A whole new bowl game

ASEE Prism, Jan 2000

AND NOW, TURNING To SPORTS news: Team Husky from the Michigan Technological University remains in first place, followed by Indiana University in second and the University of Wisconsin-Madison in third. But don't discount a big push from the Swiss Federal Institute of Technology Zurich, now in seventh place. What game pits such a diverse group of schools against each other? Hockey? Football? Hacky-Sack? No, it's the search for extraterrestrial life, better known as SETI.

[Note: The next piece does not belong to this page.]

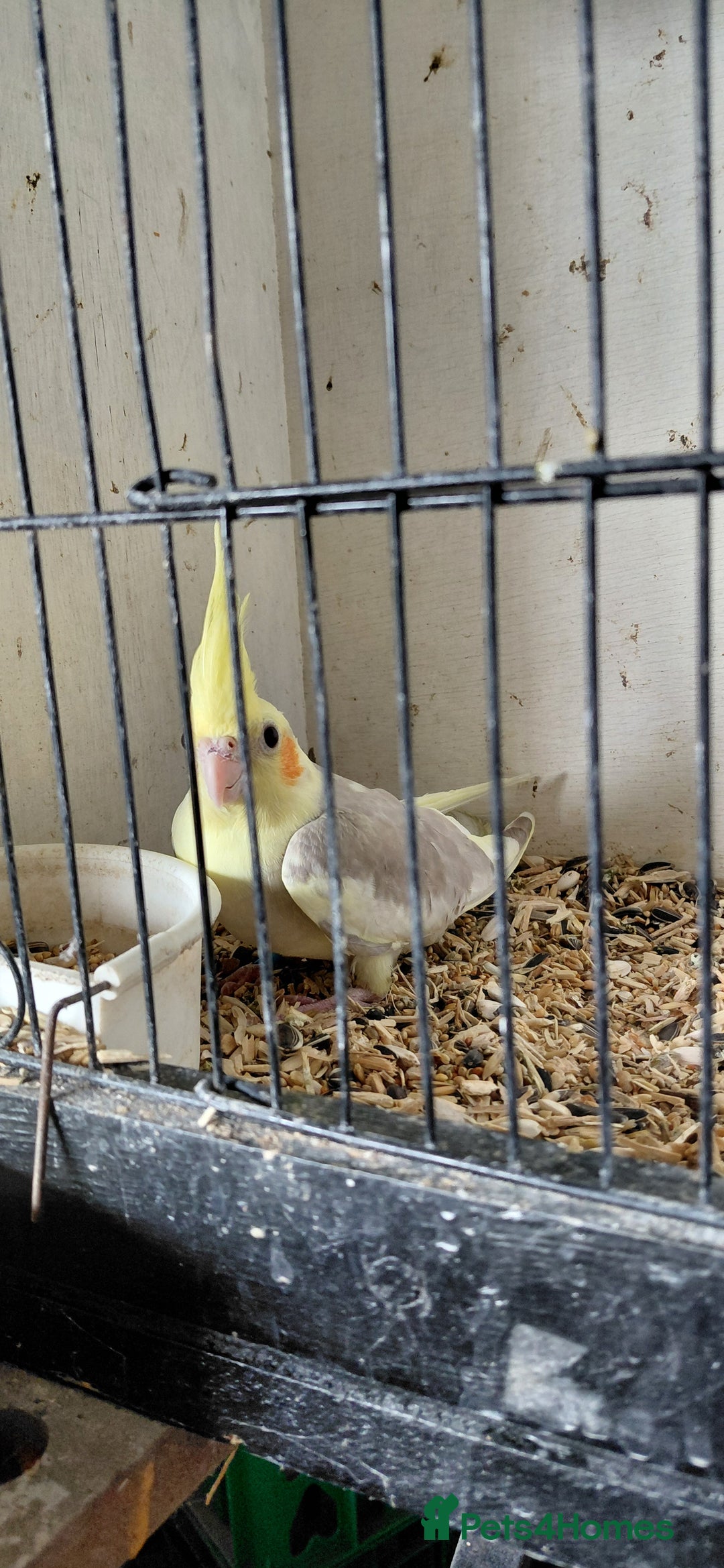 Cockatiels birds for sale: Young cockatiels for sale  - Image 8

Last May, the University of CaliforniaBerkeley released the SETI@home screensaver software that lets any Windows or Macintosh desktop computer join in the search of the cosmos for alien intelligence. The program analyzes data collected by the 1,000-foot diameter radio telescope at Arecibo, Puerto Rico, then automatically sends results to Berkeley. And many universities around the world-particularly technical schools-have formed teams to see who can analyze the most data.

The screensaver has proven popular well beyond academia. More than a million computers worldwide are now using it, and SETI@home is now the largest computation ever done on this planet. We've accumulated more than 50,000 years of computing time so far," says Dan Werthimer, a research physicist at Berkeley's Space Sciences Laboratory.

As for the college combatants, Berkeley keeps track of how well each team is doing-a sort of Big 100 for the Space Bowl. At last count, Team Husky had crunched and returned to Berkeley 67,778 results, compared with 60,223 results from Indiana University. And despite its home-field advantage, Berkeley was in fifth place with 38,697.